START Supplied records

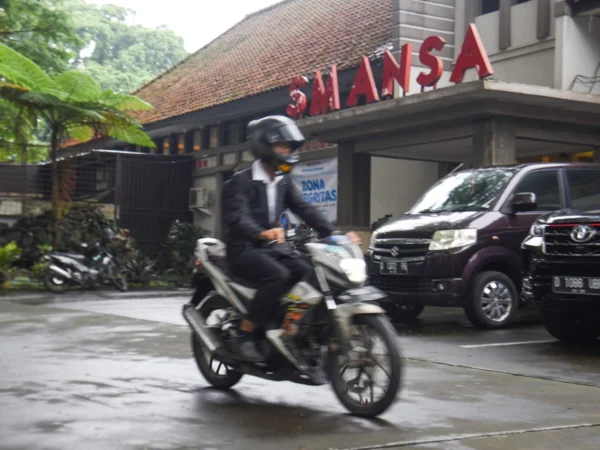 Suasana di halaman parkir SMAN 1, Kota Bandung, Minggu (20/4). Foto: Dimas Rachmatsyah / Jabar Ekspres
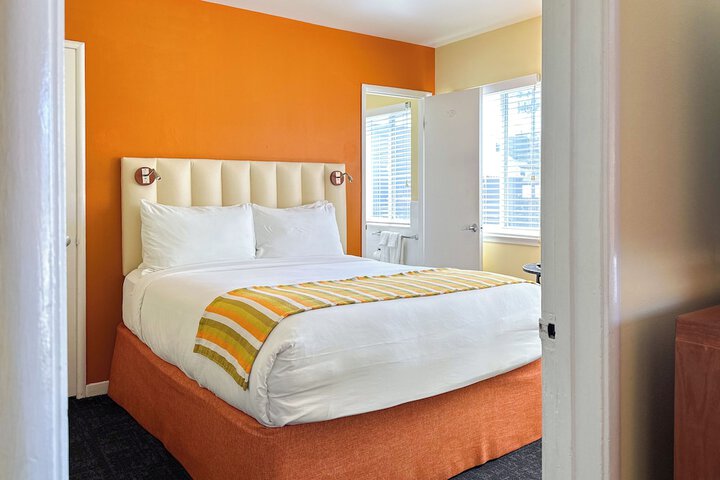 Room 40 of 63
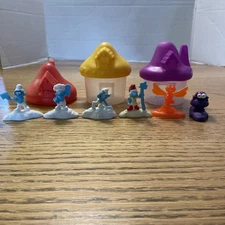 Smurfs 2017 Lost Village & Friends McD’s Mushroom Houses & Character Set of 9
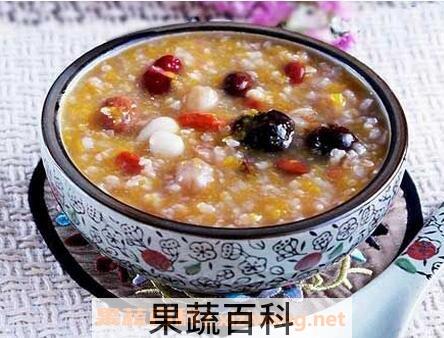 小米板栗核桃粥的材料和做法步骤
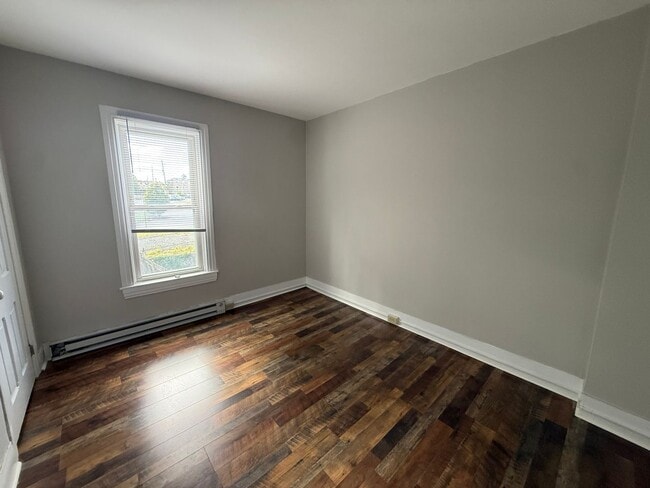 Building Photo - 410 Wolf Ave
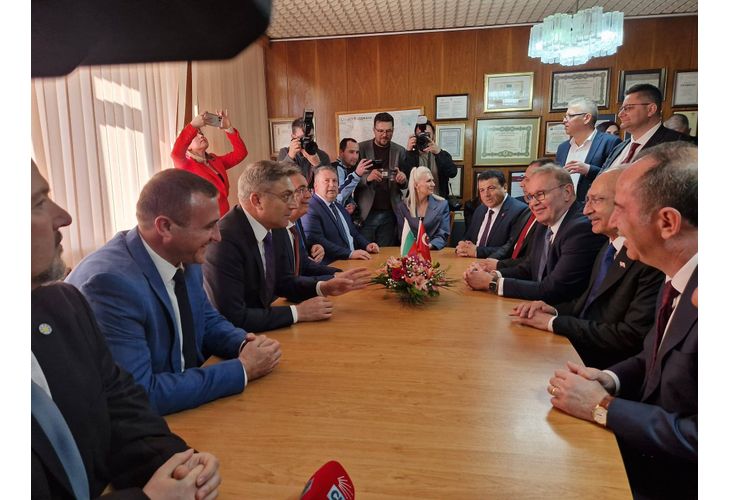 Опозиционният кандидат за президент на Турция Кемал Кълъчдароглу е на посещение в Кърджали
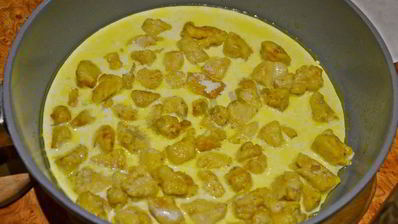 спагетти с курицей в сливочном соусе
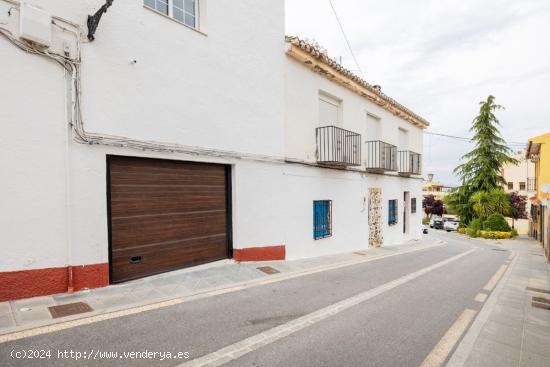 Casa en la Zubia - GRANADA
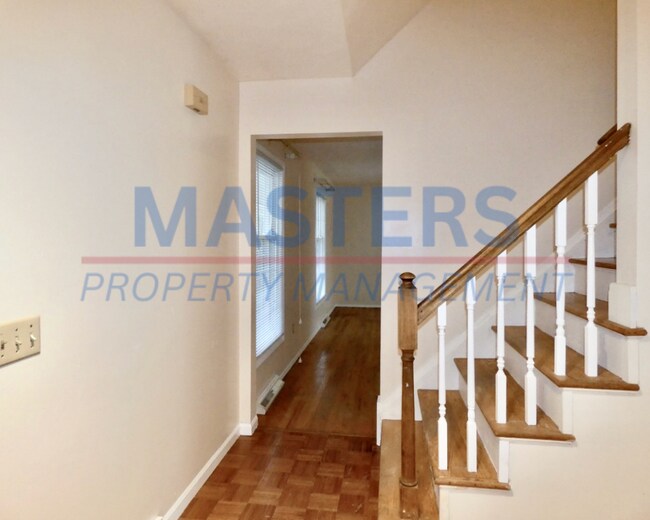 Foto del edificio - 532 Dussel Dr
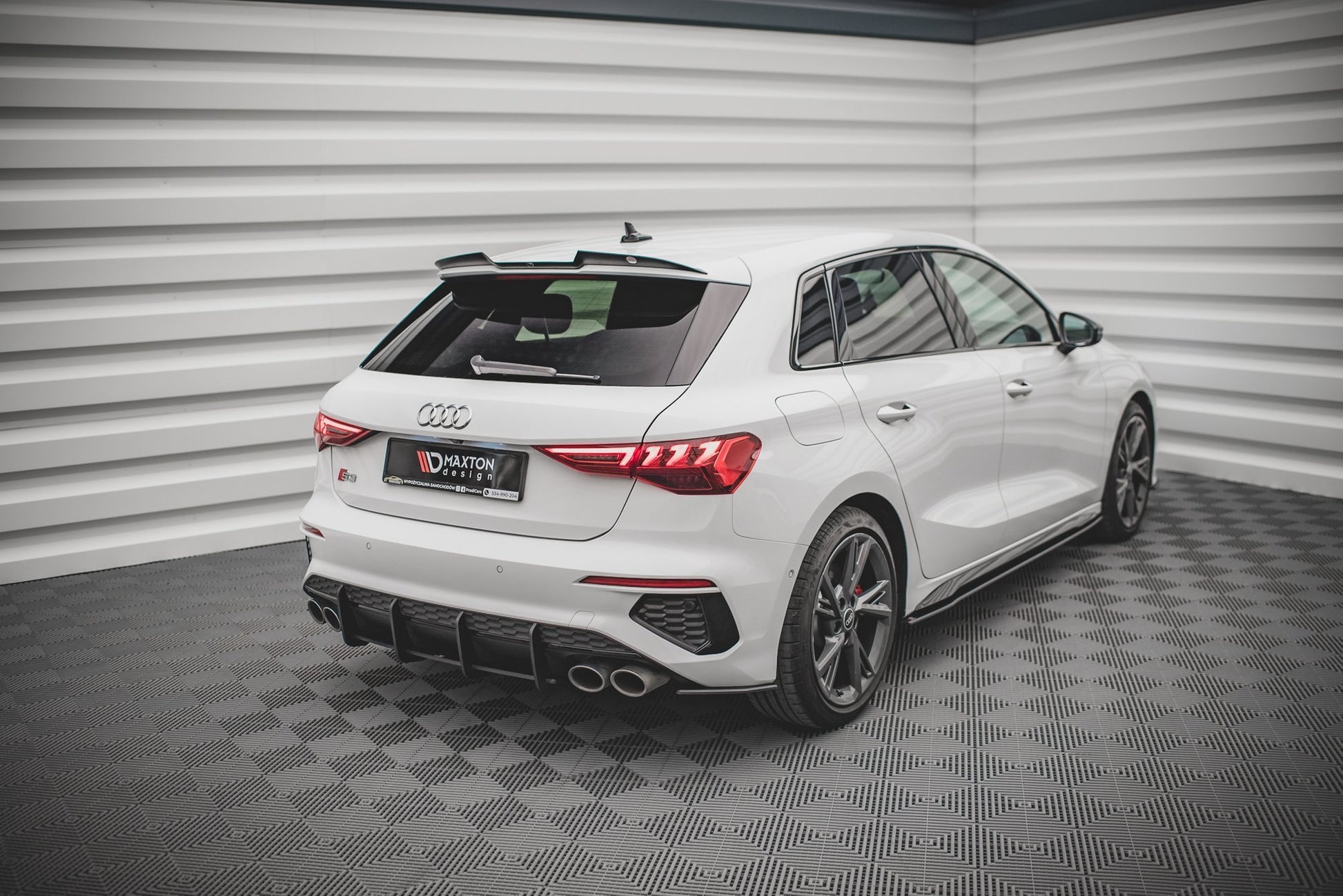 Spoiler CAP V.1 für Audi RS3 / S3 / A3 S-Line Sportback 8Y schwarz Hochglanz
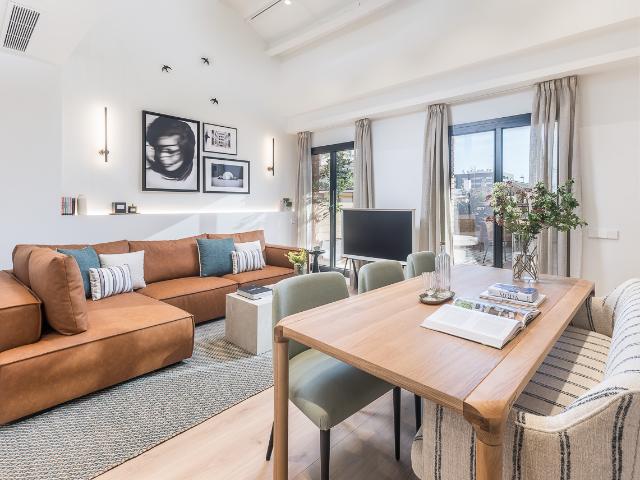 Bright Penthouse in Eixample
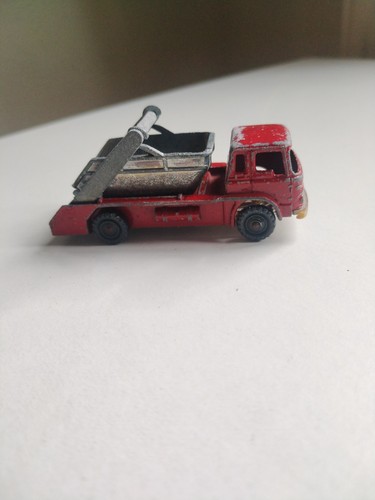 Vintage husky bedford skip - bedford,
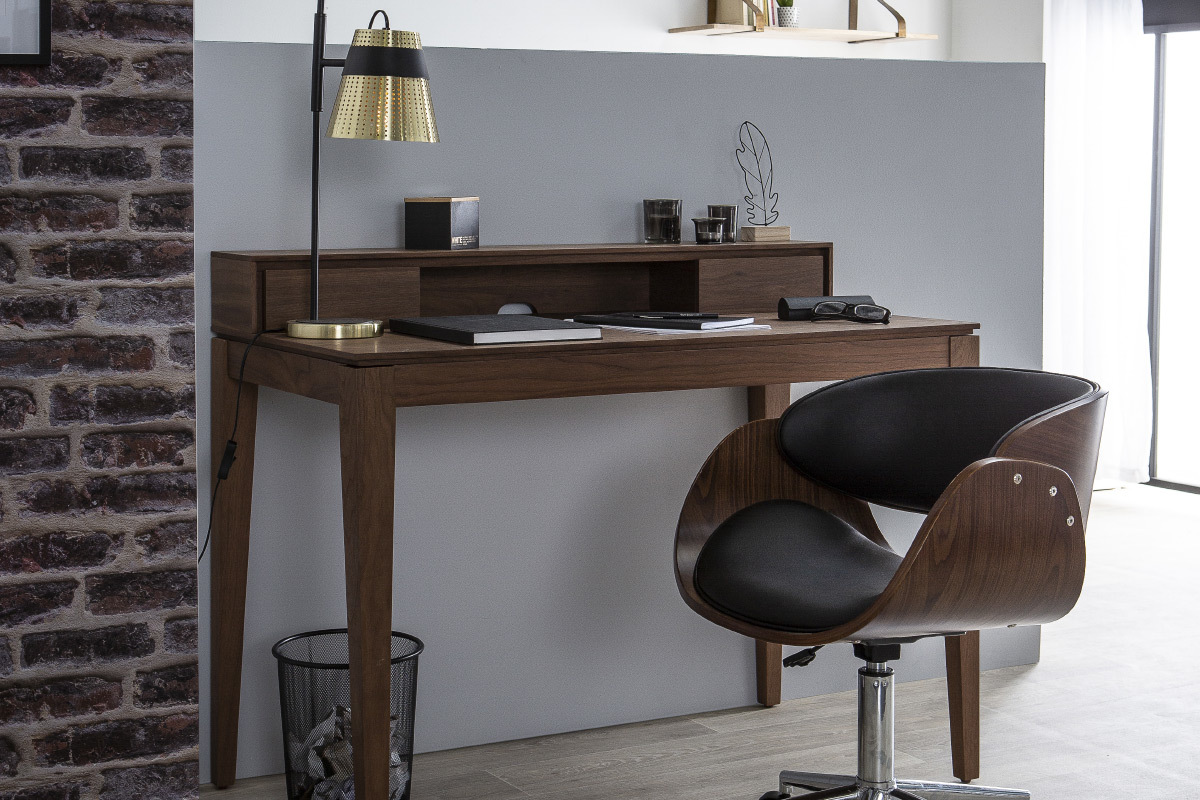 L�mpara de mesa moderna metal perforado dorado y negro TRENTO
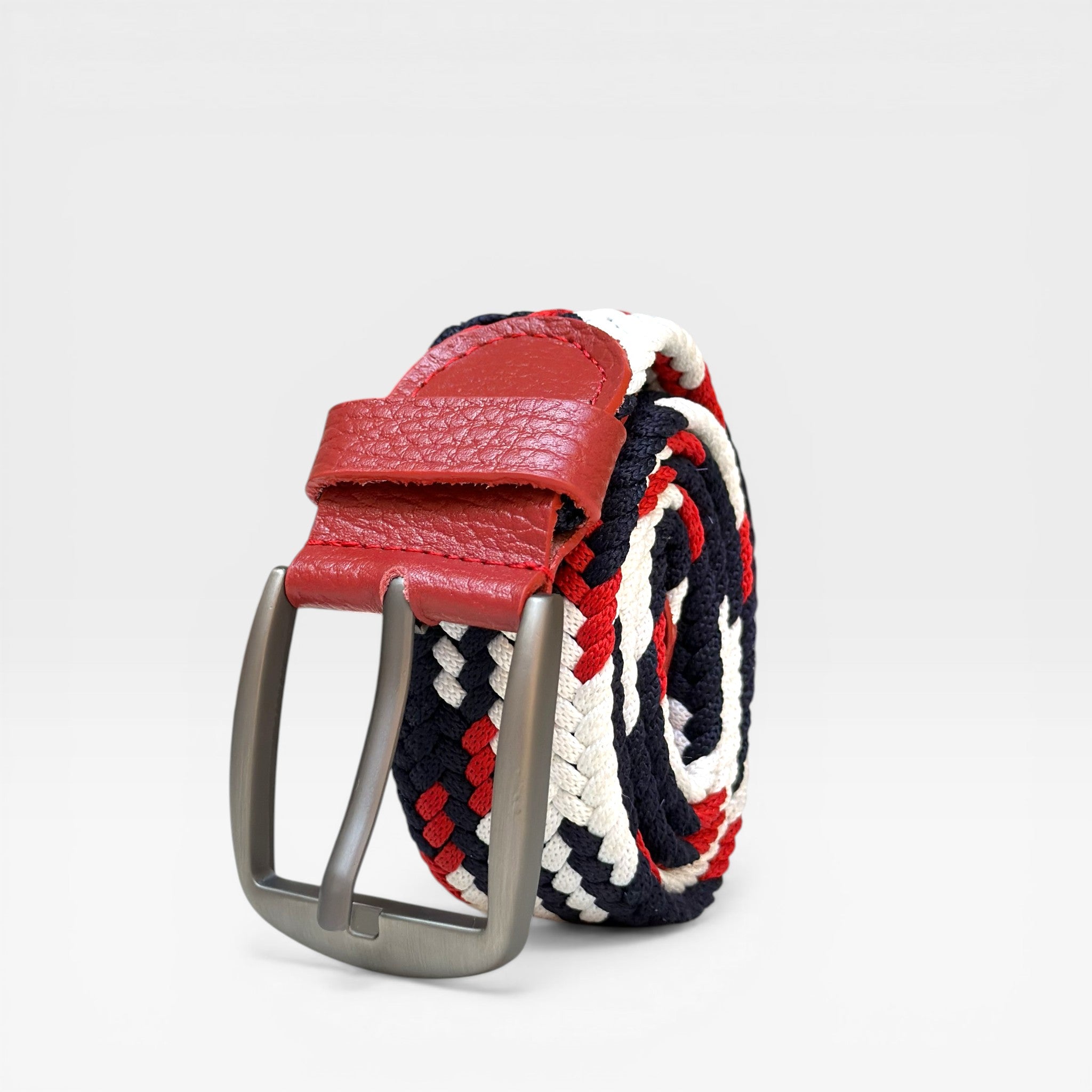 Cinturón Trenzado Elástico "Biarritz" – Detalle en Cuero Legítimo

END Supplied records

> [Exercise requirements]: If a record holds a picture, leave that picture out; retype everything else exactly.

> [Solution to this task]:
 Suasana di halaman parkir SMAN 1, Kota Bandung, Minggu (20/4). Foto: Dimas Rachmatsyah / Jabar Ekspres
 Room 40 of 63
 Smurfs 2017 Lost Village & Friends McD’s Mushroom Houses & Character Set of 9
 小米板栗核桃粥的材料和做法步骤
 Building Photo - 410 Wolf Ave
 Опозиционният кандидат за президент на Турция Кемал Кълъчдароглу е на посещение в Кърджали
 спагетти с курицей в сливочном соусе
 Casa en la Zubia - GRANADA
 Foto del edificio - 532 Dussel Dr
 Spoiler CAP V.1 für Audi RS3 / S3 / A3 S-Line Sportback 8Y schwarz Hochglanz
 Bright Penthouse in Eixample
 Vintage husky bedford skip - bedford,
 L�mpara de mesa moderna metal perforado dorado y negro TRENTO
 Cinturón Trenzado Elástico "Biarritz" – Detalle en Cuero Legítimo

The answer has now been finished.